A poco que corra algún ápice de sangre cordobesa por tus venas, la tendencia natural es ir de vacaciones al Mediterráneo. Más concretamente, a Málaga. Como yo tengo miles de gotitas de sangre de Córdoba, aquí me hallo frente al mar azul de los fenicios, en una localidad con un antiguo castillo que recuerda tiempos pretéritos de luchas y fronteras.



La mar está en calma. Las olas han dejado paso a un espejo de plata. El agua está fría aquí, el Estrecho y sus corrientes se perciben cercanas, pero yo quiero fundirme con el líquido elemento. Con suerte, a lo mejor me convierto en una sirena de cola larga recubierta de cientos de escamas tornasoladas.
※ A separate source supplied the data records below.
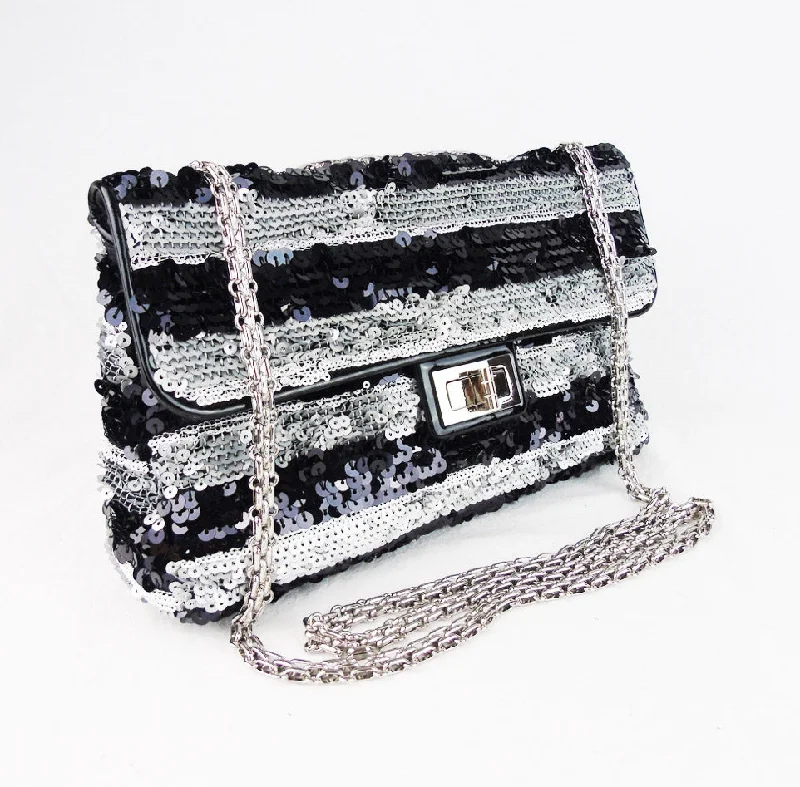 Bags For Free-Spirited And Artistic Styles CHANEL black and silver striped sequin 10" flap bag Bags For Free-Spirited And Artistic Styles CHANEL black and silver striped sequin 10" flap bag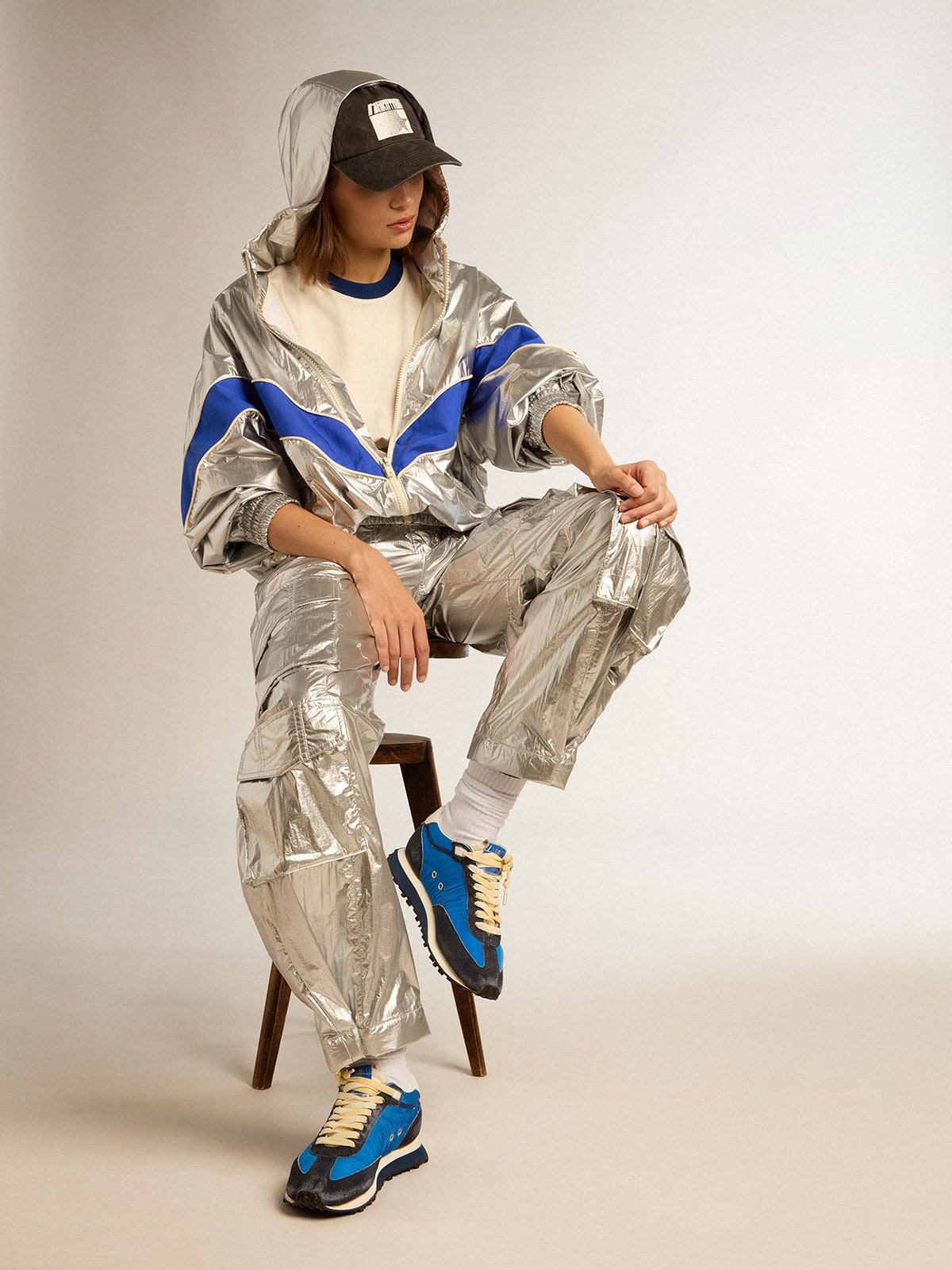 Women’s cargo pants in silver technical fabric - Golden Goose Women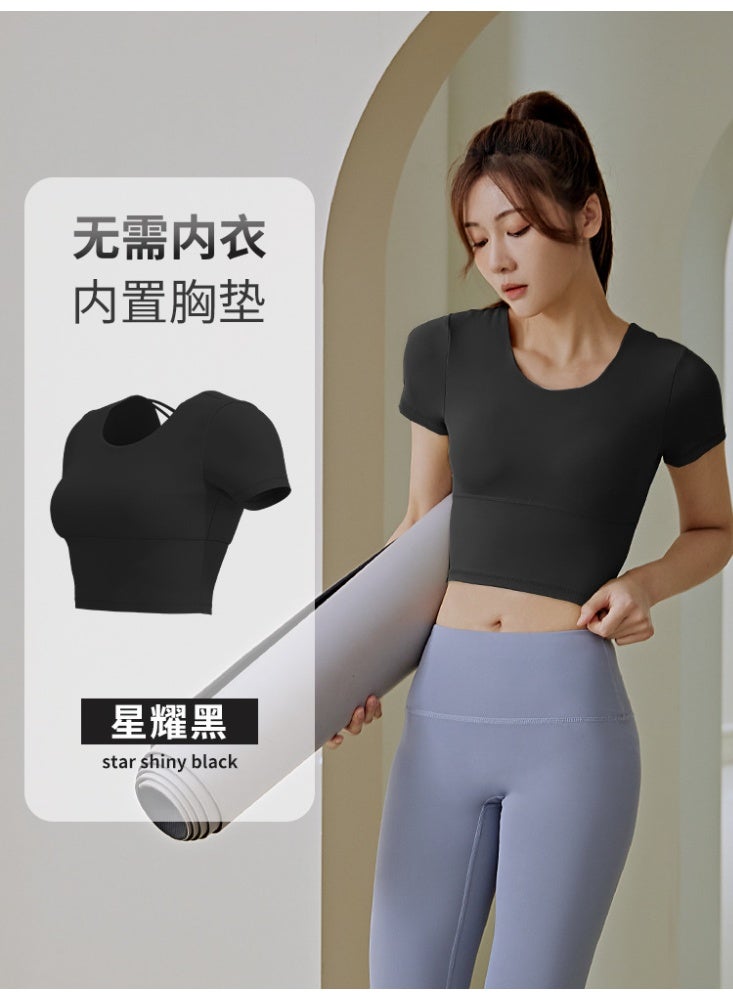 Women Cross Back Sports Shirts Round Neck Short Sleeve Yoga Crop Tops Fitness Gym Workout Sportswear Backless Slim Fit Tops  - Image 1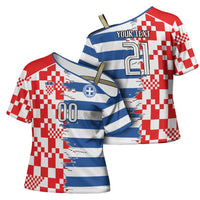Custom Croatia Greece Cultural Half Flag Cross Shoulder Shirt Scratch Style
Introducir no ya un pie, sino un dedo es un acto de valentía. Miras hacia abajo y todo es claridad: parece un río limpio y puro. Veo mis deditos, las piedrecitas y una mamá pez con su hijo, que se acerca todo el tiempo a mis piernas. No sé cuál de ellos se ha atrevido a pegarme un pequeño bocado, aprovechando que yo miraba el nítido horizonte.

Hoy, la raya que divide cielo y mar está bien definida. Los vientos permiten esta división, al igual que dirigen nuestra mirada hacia montañas antes vacías y ahora pobladas. No hay que pensar mucho si quiero sumergirme en este frío que revitaliza. El agua ya cubre mi ombligo y miles de escalofríos nacen en mis lumbares. Ahora o nunca. Y empiezo a bucear sintiendo mi valentía en este baño. ¡Qué maravilla poder desplazarse sin apenas esfuerzo!

Vuelvo al exterior en busca de aire para mis pulmones. Mi corazón late con fuerza y el sol se convierte en un abrazo cálido, en una caricia maternal que echa el frío de mi cabeza. Nado hacia la orilla. Allí el Mediterráneo malagueño está más templado, y me dejo mecer por diminutas olas que recorren todo mi cuerpo.

Lo mejor está a punto de suceder: una toalla en la caliente arena me espera, me abriga y me conecta con la tierra. Poco a poco me adormezco con la madre tierra y el padre sol devolviéndoles a mi cuerpo sus 37 grados.